Это когда деревья изламываются локтями и коленками непропорционально в непропорционально низких и тяжелых небесах. Когда ребенком ты радовался расчетам и моделям построек, а теперь они стали тревожными и зловещими. Когда рот кривится сам по себе в выражение отвращения. И там, на холоде, на ветру, в воронку скручивается стружка жухлой листвы. Они восторженно назовут ее золотой листвой, а мой рот вновь скривится, и я подумаю, лишь бы никто не увидел, ведь я тут один, и отвернусь, и притворюсь, что спешу на службу.
Это когда сразу валится такое количество предметов, что, будь ты голой материей, смерть просто неизбежна. На меня падает в молчаливом укоре всей своей тяжестью нерожденный, непостроенный великий мой Собор. За ним грохаются дорогущие мраморные колонны и капители, римские и византийские, невероятными усилиями доставляемые сюда через Альпы из самой Равенны. После этого идет снег, и он кажется невероятно легким – по сравнению со зданием-то! На меня падают кирки и зубила. Деревья после ледяного дождя подламывают локти и колени, и, конечно же, скоро тоже рухнут. Необходимость зарабатывать на хлеб насущный теперь уже не только для одного себя, необходимость стать человеком серьезным и уважаемым – весь этот набор грохается вдогонку. Забота о благополучии и чести семьи – все на меня!!! Ужины, фамильные реликвии, недостающие символы на гербах и сами несуществующие гербы – туда же!
Я же стою недвижно. Смотрю, не моргая, не дыша, не столько пришибленный всем вышеописанным скарбом, сколько удивленный и не верящий в происходящее.
Мне было стыдно, не хотел, оно случилось само. Мастера позеленели от зависти, когда, благодаря ходатайству папаши Люсии, место хранителя ремесла получил вдруг Ансельм-из-Грабена, неудавшийся монах, подмастерье-недоучка. А меня, в свою очередь, унижала даже такая должность – в мечтах по-прежнему рисовался высокий храм, «Шартрская игла», сооружение, в котором сам камень станет невесомым, во славу Господа символизируя переход всего мирского в воздушную легкость и нематериальность. Однако Город в этом пока нужды не испытывал. Главной заботой цеха было получение дохода, потому ресурсы шли на укрепление стен, новые дома для знати, каждый раз все более шикарные, с каминами, с беседками, где труверы пели своим дамам, с конюшнями, где прекрасные лошадки готовились к турнирам и охоте, и эта суета сует поглощала строительный материал своей ненасытной пастью, поставляя нам все новые заказы.
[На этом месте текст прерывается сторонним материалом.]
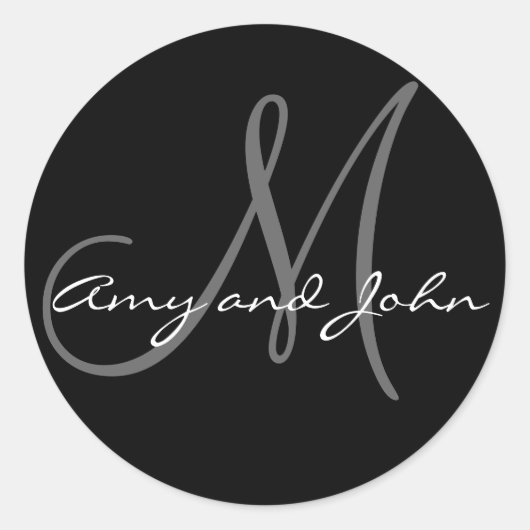 Name & Anfangsbuchstabe Hochzeitsticker Schwarz Runder Aufkleber (Vorderseite)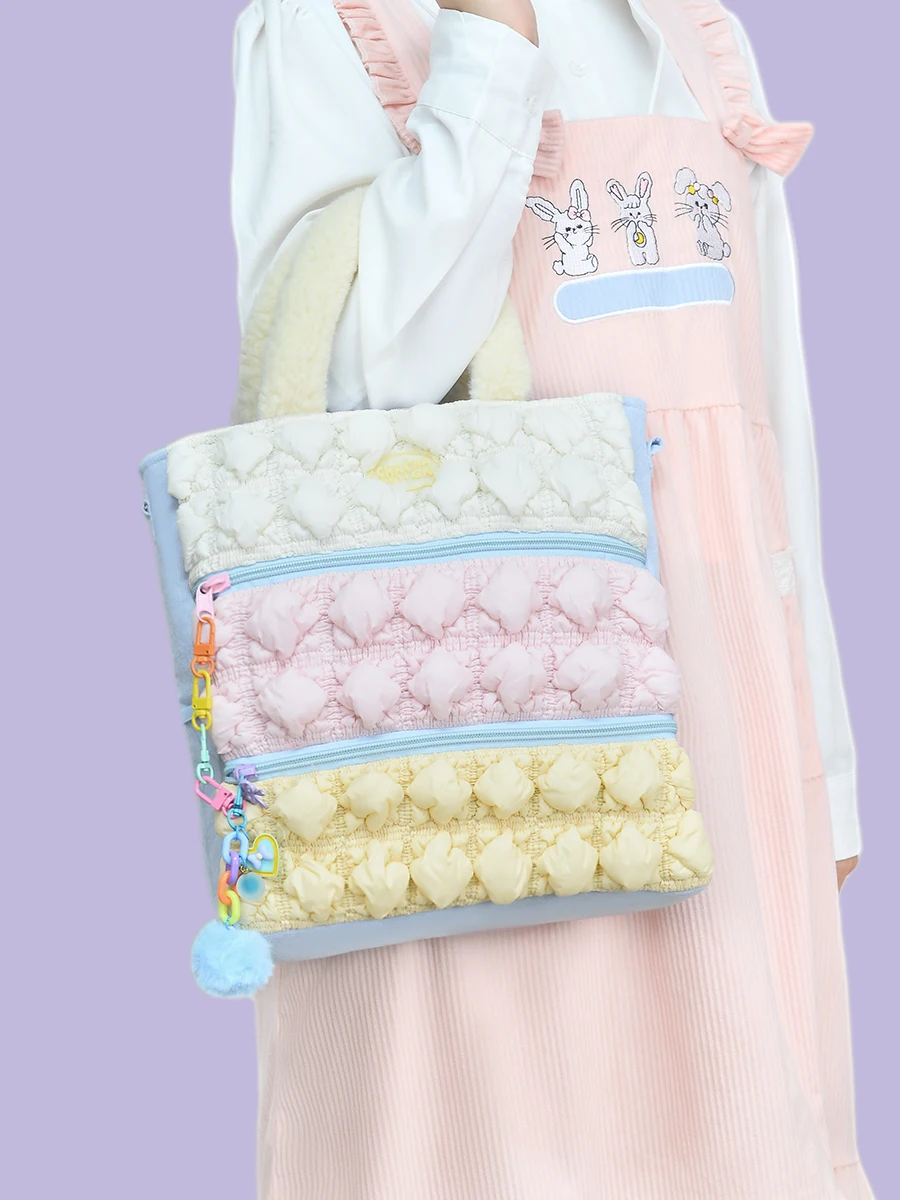 اليابانية الحلو لطيف ثلاثة نفخة حقائب كتف ذات سعة كبيرة فتاة حقيبة كتف حقيبة 2025 جديد الصيف مطوي سحابة حقيبة لوليتا حقيبة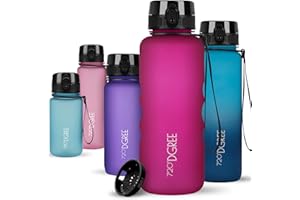 720°DGREE Botella de Agua “uberBottle“ +Colador de frutas– 350ml, 500ml, 650ml, 1000ml, 1500ml | Sin BPA, Impermeable, Reutilizable | Ideal para deporte, fitness, universidad, bicicleta, aire libre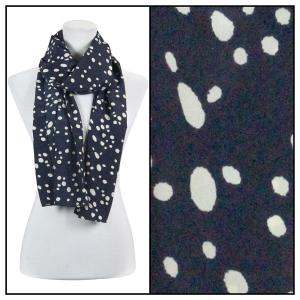 2406 - Charmeuse Dress Scarves Dalmatian Print 3160 - Blue - 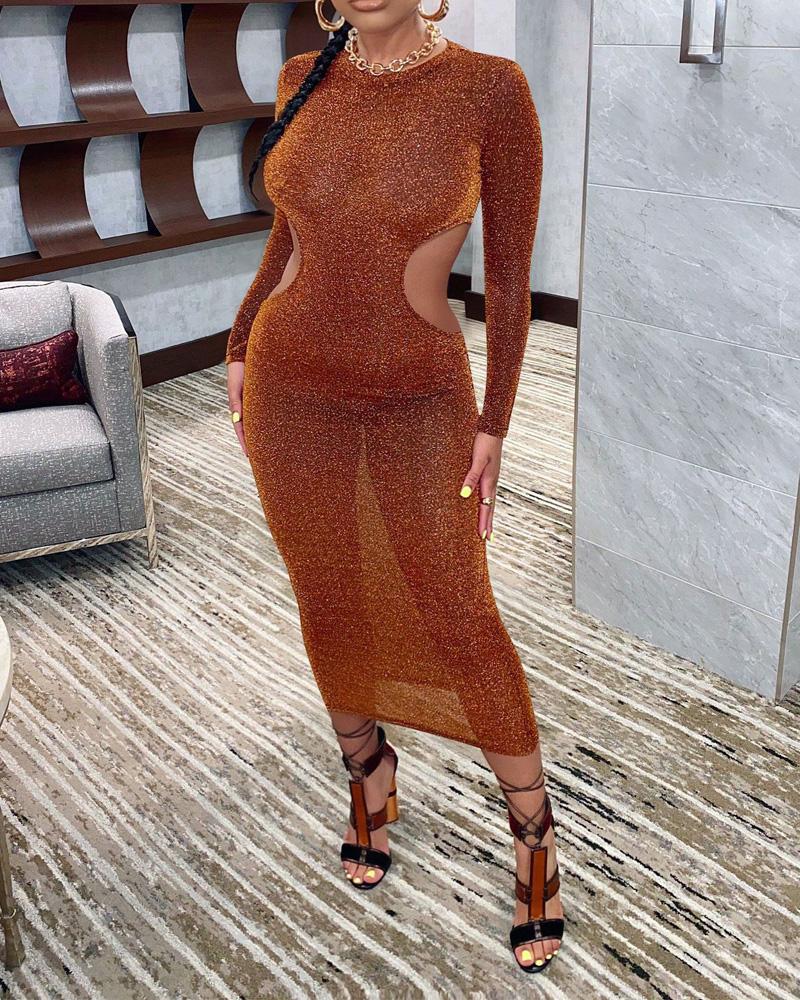 

Cut Out Long Sleeve Skinny Dress, Brown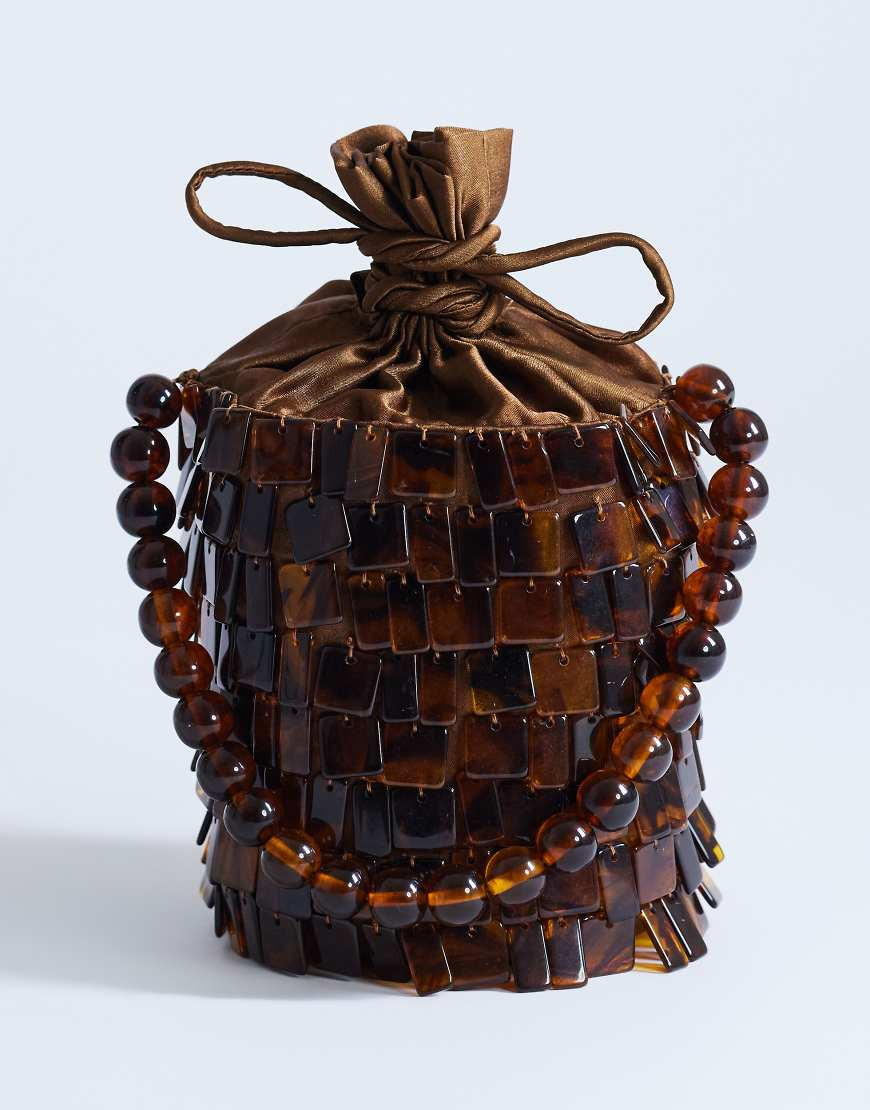 Topshop Georgie small embellished bucket clutch purse in brown tort-Orange | ASOS (Global)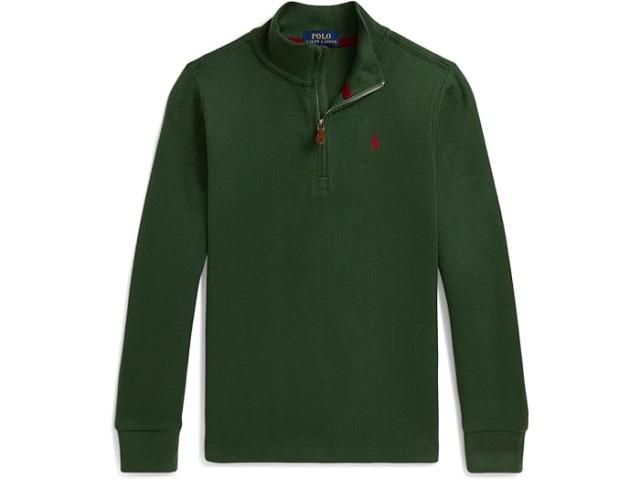 (取寄) ラルフローレン キッズ ボーイズ クォーター-ジップ プルオーバー (トドラー/リトル キッド) Polo Ralph Lauren Kids boys Estate-Rib Quarter-Zip Pullover (Toddler/Little Kid) Bottle Green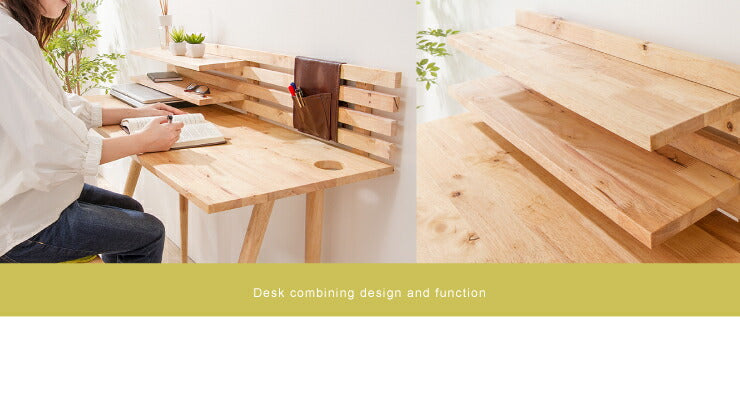 Natural Signature デスクセット 机 在宅ワーク 在宅勤務 テレワーク デスク チェア イス 棚 収納 天然木 アンティーク シンプル モダン 北欧 ナチュラル(代引不可)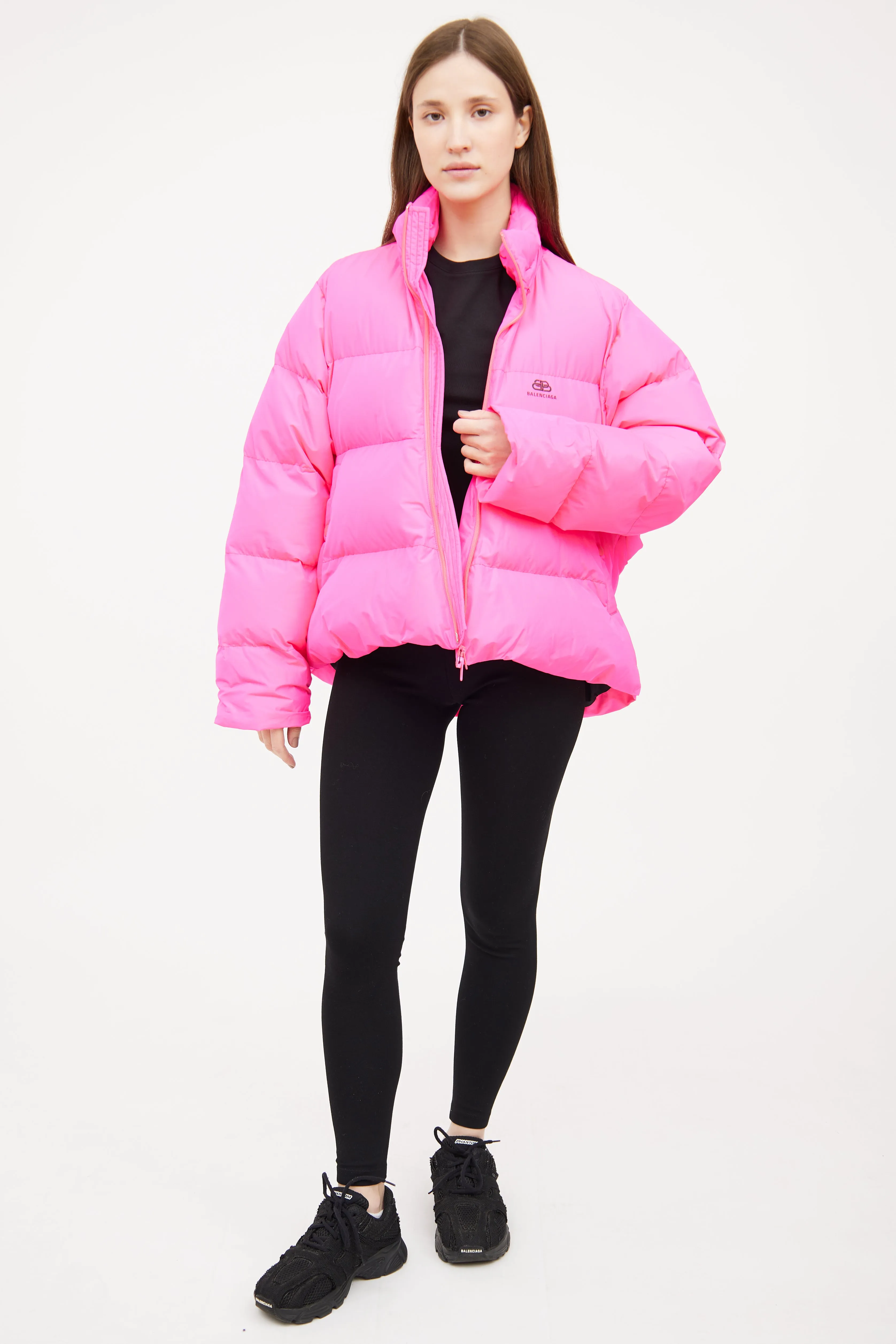 Pink C-Shape Puffer Coat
Известняк и песчаник, местный камень, добываемый в каменоломне поблизости, отправляли вниз по реке нагруженными лодками, и я считал: крестное знамение, вставая с кровати, жена проснется спустя час, когда я уже уйду, десять «Радуйся, Мария, благодати полная» по дороге, не разлипая очей, доброе утро, солнце сезонов! В горах Оверни есть отличный темный базальт, отличный Отче наш, сущий на небесах, Овернь далековато будет, и в уставе четко прописаны свойства, цвет и качество, и я не хочу. Не хочу, оно случилось само, я стеснялся, я был обязан, я никогда не хотел этой работы. Все, что хотел в этой жизни – построить Собор, из прочного песчаника, сотворить его из земли до самого неба, как Верую в Бога Отца всемогущего, Творца неба и земли…
Теперь я превратился в мужа и работника, обе роли доводили до тошноты и озноба.
День за днем приходил на службу, а она сыпалась на меня, помимо своих собственных булыжников, еще и чужими цехами, мануфактурами, городскими ключами, тайниками с монетами, придворными любовницами, государственными печатями – всем, что эту службу не составляло, но тем, о чем сплетничали да перешептывались. Мне давали взятки, со мной спорили о способах перекрытия пролетов, меня проклинали за спиной. Вязкая аура клира преследовала повсюду, и отчаявшийся, я уже в нее готов был кутаться в поисках спасения и тишины.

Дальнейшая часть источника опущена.